Copy out the data word for word. The images are not part of the copy.

Records from a data collection
════════
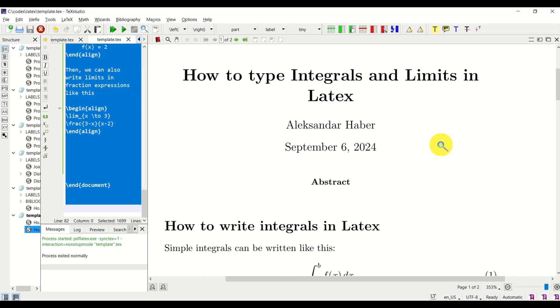Hello friends, subscribers, and new viewers of this channel. In this tutorial, I will teach you how to type integrals and limits in LaTeX.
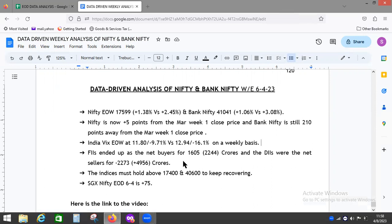In my opinion, these are the important levels for Nifty and Bank Nifty respectively. 17,700-800 is very hard resistance, and 41,400-600 in Bank Nifty are likely to act as hard resistance levels. Let's see how it happens in the next week.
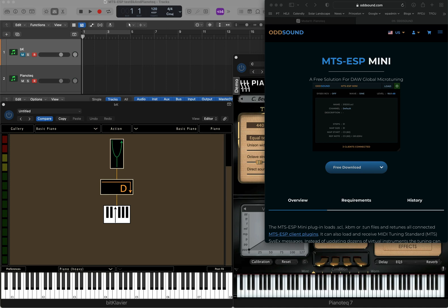MTS-ESP is a new messaging protocol that allows plugins and applications to share tuning information.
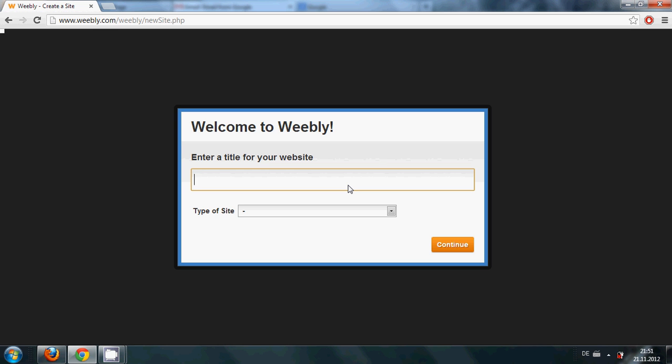This is the option for providing your title name. When you provide your email ID and password, this is the next option. You just need to provide the title of your website which will be shown first on the website.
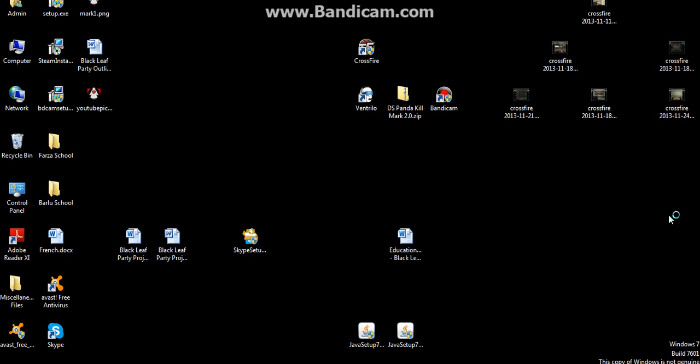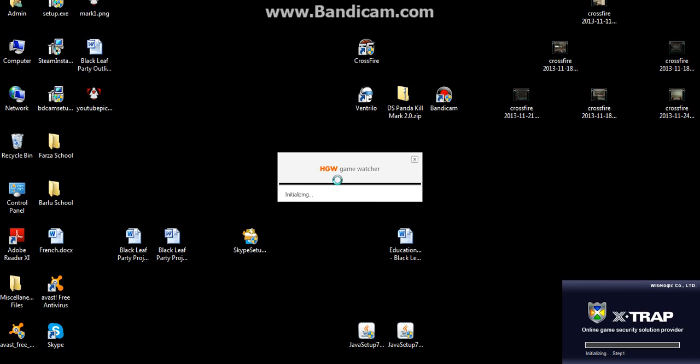Like usual, it goes by. Usually HGW Game Watch and X-Trap come up together. X-Trap bar goes by really quick, HGW goes by really quick, and the game opens.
════════
== Result for this exercise ==
Hello friends, subscribers, and new viewers of this channel. In this tutorial, I will teach you how to type integrals and limits in LaTeX.
In my opinion, these are the important levels for Nifty and Bank Nifty respectively. 17,700-800 is very hard resistance, and 41,400-600 in Bank Nifty are likely to act as hard resistance levels. Let's see how it happens in the next week.
MTS-ESP is a new messaging protocol that allows plugins and applications to share tuning information.
This is the option for providing your title name. When you provide your email ID and password, this is the next option. You just need to provide the title of your website which will be shown first on the website.
Like usual, it goes by. Usually HGW Game Watch and X-Trap come up together. X-Trap bar goes by really quick, HGW goes by really quick, and the game opens.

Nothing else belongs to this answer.